Agreed that is an OLD picture the wire is no longer there. The size of the wire helps with the fire issue BUT you are correct it will be run much better this time, was in a rush last time. Will be putting through an actual grommet in the firewall i can drill the hole now that the interior is out.


----------



## scion1403 (Feb 22, 2012)

yes i agree also with the fuse. i will be putting the circuit breaker up near the battery where it should be, no fuse up front anymore.


----------



## simplicityinsound (Feb 2, 2007)

HOLY **** Laffayette! I have been there probably 1000 times back in HS days lol

Sparta in the house!


----------



## scion1403 (Feb 22, 2012)

I grew up in sparta and went to HS there. Moved out when i realized sparta is like 4 times the money for half the house lol.


----------



## simplicityinsound (Feb 2, 2007)

What year u graduate from shs?

Sent from my SAMSUNG-SGH-I997 using Tapatalk


----------



## scion1403 (Feb 22, 2012)

1991 i went to the army for a few years then came back.


----------



## scion1403 (Feb 22, 2012)

WOW nice projects man..... im attempting to recess my amps in the scion like you do i hope to god mine turns out half as nice as yours..... iwould also kill for kick panels like that as of now imgonna try modifying scion XB kickpanels to work


----------



## scion1403 (Feb 22, 2012)

hey simplicity do any internet orders? i need one of 2 things kickpanels or door panels tha angle the speakers better. id prefer kick panels. i can send you a set of the factory ones to work off of if that would help?


----------



## scion1403 (Feb 22, 2012)

one of the many reasons i hate nj there are simply no shops that do custom work like you do simplicity. the scion project now is a long time coming as as long as a car is a daily driver its soooooo hard to do big projects. now that i can take my time i can see what i can really do....nothing like you but im hoping not to embarress myself. 
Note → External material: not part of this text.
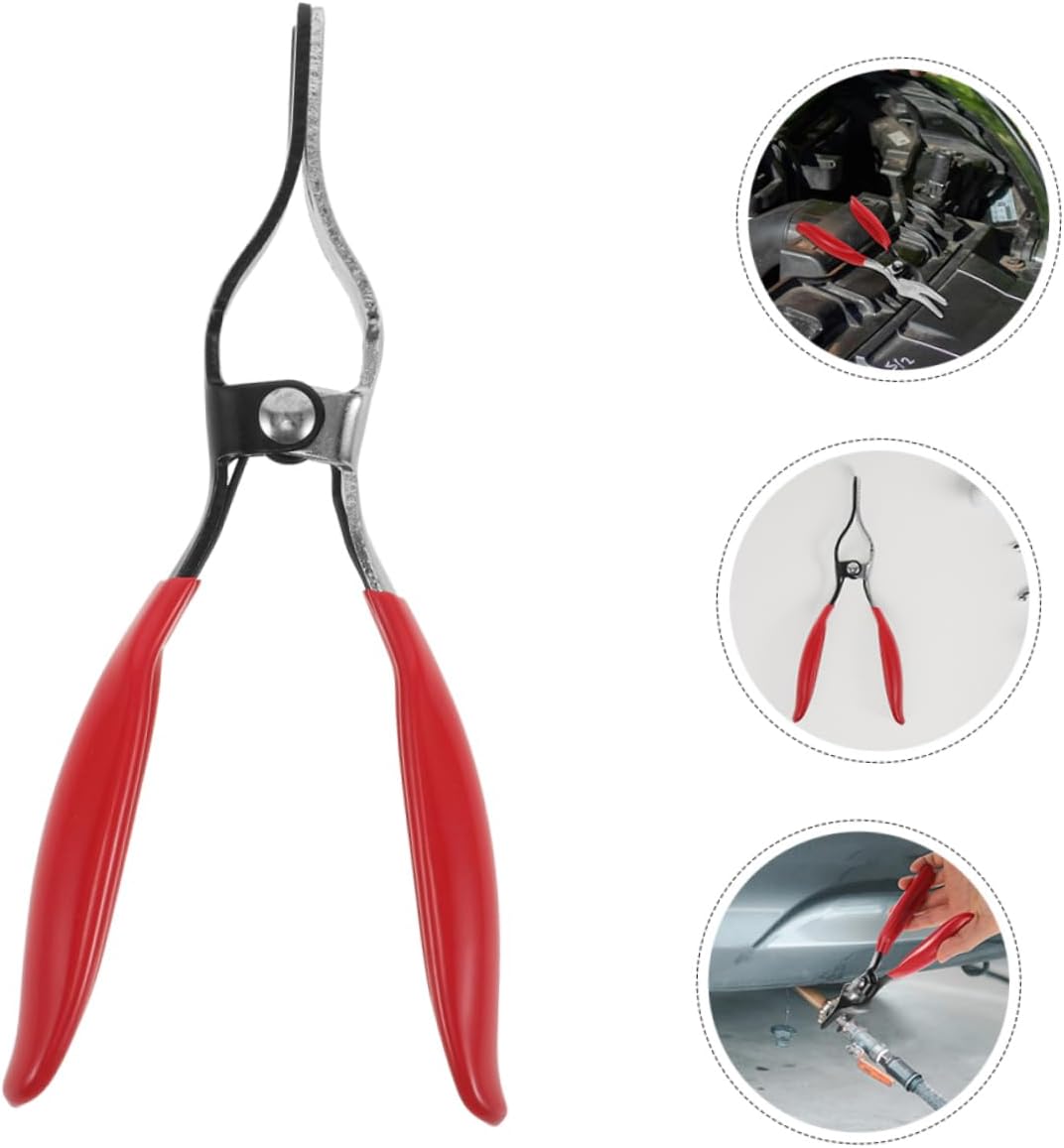 Cabilock 2Pcs Automotive Hose Removal Pliers Chrome Tungsten Steel Fuel Line Disconnect Tool Versatile Hose Separator for Quick Pipe Separation and Repair Easy to Use Mechanic Tool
I do owe you a beer or something i was going to go a COMPLETELY different route with the sunken amps. no i am gonna use one of your ideas and make a liftable cover. the amps will protrude a hair above the lid but i can lift it up to get at tools and stuff like the subaru install of yours. left side will have some portable detailing stuff and the right some basic tools and an spl meter and a multi meter along with fuses etc. anyway thanks for saving me my idea was stupid complicated and was probably way beyong my skill with a saw...


----------



## HondAudio (Oct 19, 2006)

scion1403 said:


> WOW nice projects man..... im attempting to recess my amps in the scion like you do i hope to god mine turns out half as nice as yours..... iwould also kill for kick panels like that as of now *imgonna try modifying scion XB kickpanels *to work


First generation?


----------



## scion1403 (Feb 22, 2012)

yes i have already relocated the bulky factory wiring junction where the factory kickpanels are now to give more mounting depth.


----------



## simplicityinsound (Feb 2, 2007)

sorry being a one man operation i am just not set up to do custom small jobs...good luck though  i went to Sparta HS 1992 to 96...my folks still live there


----------



## nepl29 (Mar 25, 2007)

scion1403 said:


> hey simplicity do any internet orders? i need one of 2 things kickpanels or door panels tha angle the speakers better. id prefer kick panels. i can send you a set of the factory ones to work off of if that would help?


Get in touch with Don @ Unexpected Creations. He has a shop in Edison. You can also send him a PM. User id is 6spdcoupe.


----------



## scion1403 (Feb 22, 2012)

Thanks will do


----------



## scion1403 (Feb 22, 2012)

havent had much time lately but managed to squeeze out the trans hump during lunch
















not new but needed to pull the crossovers from doors to install more dampener


----------



## scion1403 (Feb 22, 2012)

got a little more work done tonight . got one of the new door panels lined with the Stinger Overkill Foam sound dampener.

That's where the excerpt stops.